However, the combination of Ranzato and Gaidon teaches does not explicitly teach sampling a candidate auxiliary output from the plurality of candidate auxiliary outputs in accordance with a score distribution over the plurality of candidate auxiliary outputs
Kohli teaches sampling a candidate auxiliary output from the plurality of candidate auxiliary outputs in accordance with a score distribution over the plurality of candidate auxiliary outputs (Kohli, Para [0058], discloses “This is the training stage and so particular image elements which reach a given leaf node have specified output values and global variables known from the ground truth training data. A representation of the accumulated candidate output values may be stored 930 using various different methods. The candidate output values may be stored according to global variable bin ranges as described above with reference to FIGS. 3 and 4. Optionally sampling may be used to select candidate output values to be accumulated and stored in order to maintain a low memory footprint.” Here, Kohli discloses sampling from a plurality of candidate output values.  The term “sampling” implies the use of a distribution.  This is evidenced by Kohli [0047]: “In operation, each root and split node of each tree performs a binary test on the input data and based on the result directs the data to the left or right child node. The leaf nodes do not perform any action; they store accumulated candidate output values (and global variable predictions in the embodiments described above with reference to FIGS. 6 and 8). In the case of joint position detection the candidate output values are joint offset vectors representing a distance and direction of an image element from a joint position.
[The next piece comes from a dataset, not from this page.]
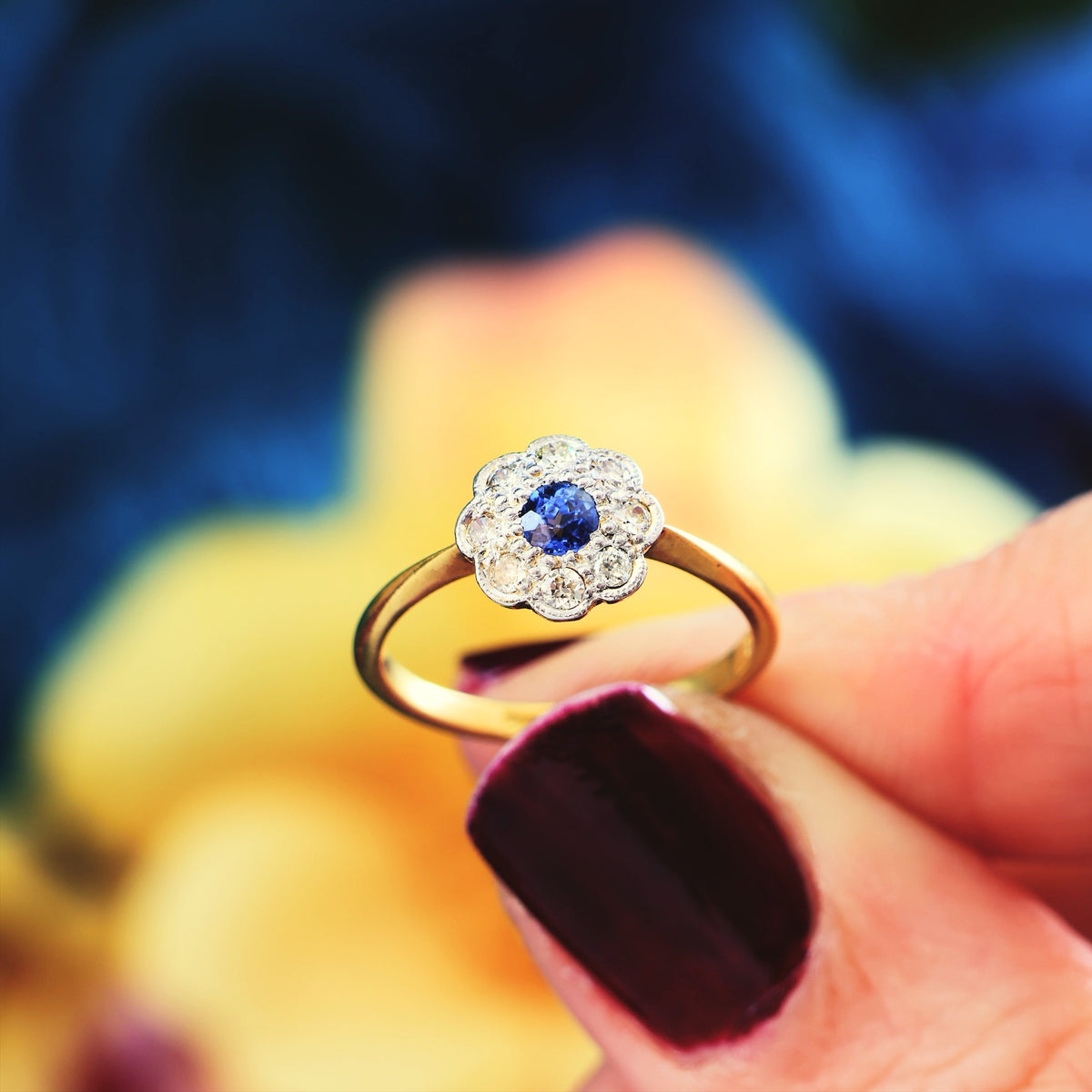 Delightful Blossom! Sapphire & Diamond Cluster Engagement Ring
For example, probability distributions may be stored representing the accumulated candidate output values”. Additionally, Gaidon as shown above discloses a score distribution over the plurality of candidate auxiliary outputs.)
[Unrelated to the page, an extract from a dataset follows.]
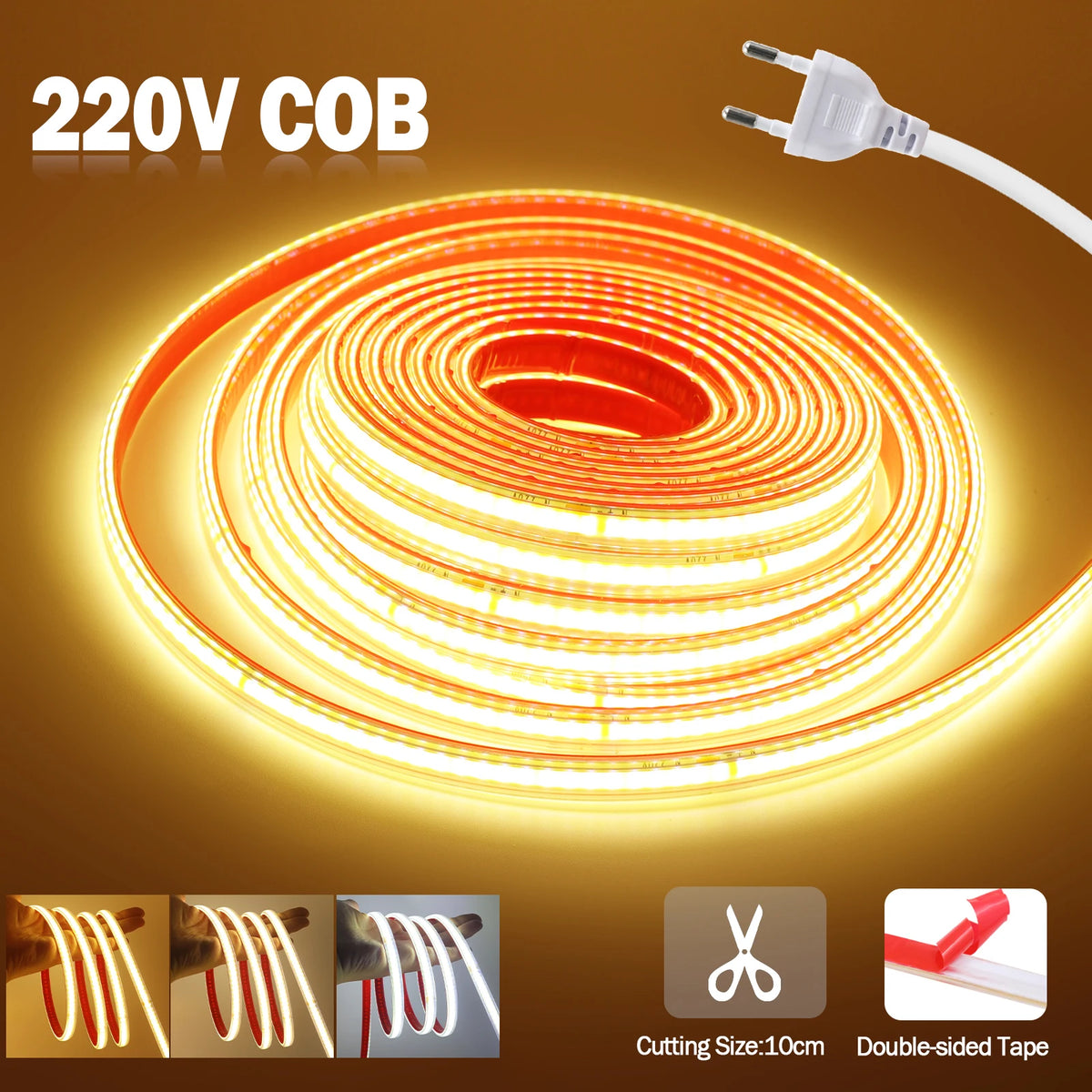 Striscia LED COB 220V 10 cm, 240 LED/m, IP65, 3000‑6000 K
As per Claim 16, Claim 16 is a system claim corresponding to method Claim 1.  The difference is that Claim 16 recites one or more computers and one or more storage devices.  (Gaidon, Para [0010], discloses one or more computers: “The system comprises a computer programed to perform a method” and in [0011] one or more storage devices:  “Another embodiment of the present disclosure is directed to a non-transitory storage medium storing instructions readable and executable by a computer”).  Claim 16 is rejected for the same reasons as Claim 1.
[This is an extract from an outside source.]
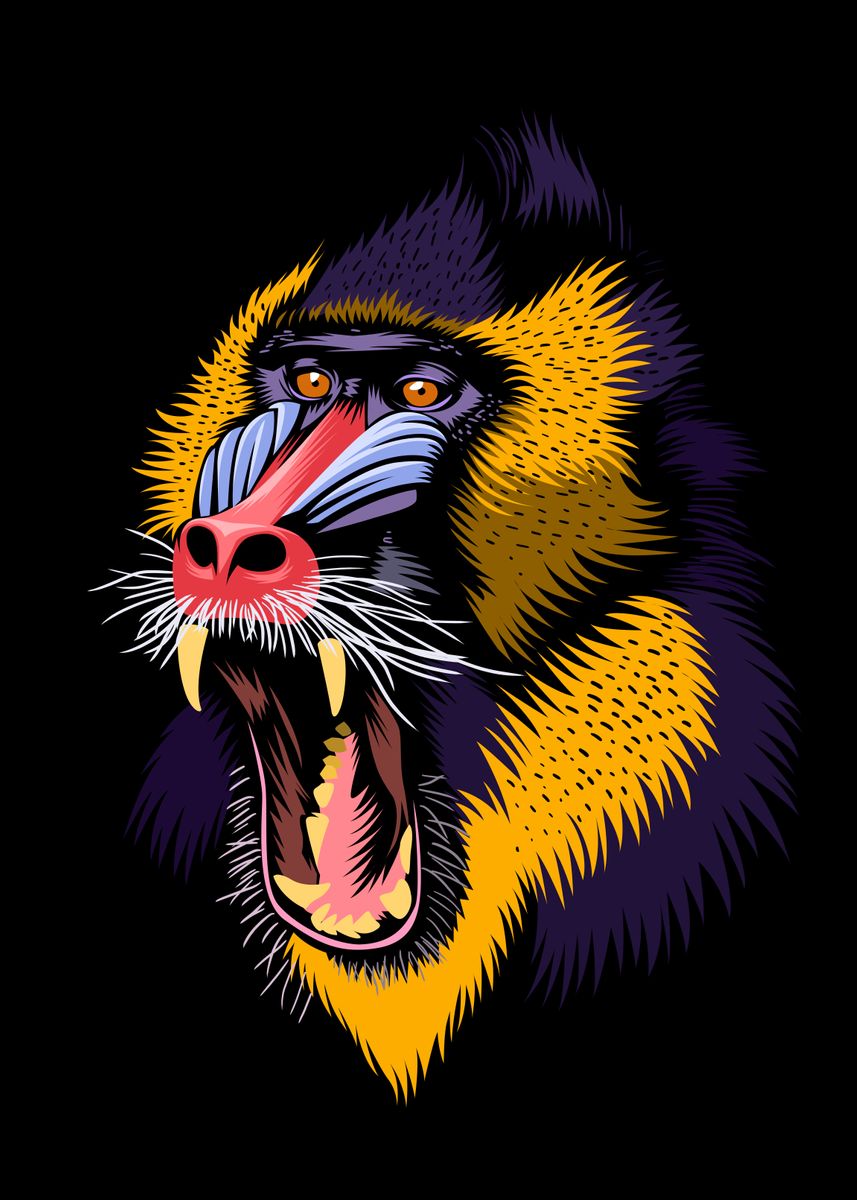 'Monkey attack' Poster by Alberto Perez | Displate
As per Claim 17, Claim 17 is a non-transitory computer storage medium claim corresponding to method Claim 1.  The difference is that Claim 17 recites one or more computers and a non-transitory computer storage medium.  (Gaidon, Para [0010], discloses one or more computers: “The system comprises a computer programed to perform a method” and in [0011] a non-transitory computer storage medium:  “Another embodiment of the present disclosure is directed to a non-transitory storage medium storing instructions readable and executable by a computer”).  Claim 17 is rejected for the same reasons as Claim 1.

As per Claim 18, Claim 18 is a system claim corresponding to method Claim 3.  Claim 18 is rejected for the same reasons as Claim 3.

As per Claim 20, Claim 20 is a non-transitory computer storage medium claim corresponding to method Claim 10.  Claim 20 is rejected for the same reasons as Claim 10.

Claims 4 and 19 are rejected under 35 U.S.C. 103 as being unpatentable over the combination of Ranzato, Gaidon, Kohli, and Sahba, further in view of Volkovs et. al. (“Loss-sensitive Training of Probabilistic Conditional Random Fields”; hereinafter Volkovs).
As per Claim 4, the combination of Ranzato, Gaidon, Kohli, and Sahba teaches the method of claim 3 and training the neural network on the modified training data as shown above.  However, the combination of Ranzato, Gaidon, Kohli, and Sabha does not explicitly teach wherein training the neural network on the modified training data comprises training the neural network using maximum likelihood training.
Volkovs teaches training the neural network using maximum likelihood training. (Volkovs, Section 6 Last Paragraph, discloses training using maximum likelihood:  “We trained CRFs according to maximum likelihood as well as the different loss-sensitive objectives described in Section 3”)
Ranzato, Gaidon, Kohli, Sahba, and Volkovs are analogous art because they are in the field of machine learning.
It would have been obvious to one of ordinary skill in the art before the effective filing date to combine the structured output neural network with modified training data of Ranzato, Gaidon, Kohli, and Sahba, with the maximum likelihood training of Volkovs. The modification would have been obvious because one of ordinary skill in the art would be motivated to achieve consistent performance and retain efficiency as the dataset grows. (Volkovs, Section 3 Line 2:  “In the well-specified case and for large datasets, this would probably not be a problem because of the asymptotic consistency and efficiency properties of maximum likelihood”)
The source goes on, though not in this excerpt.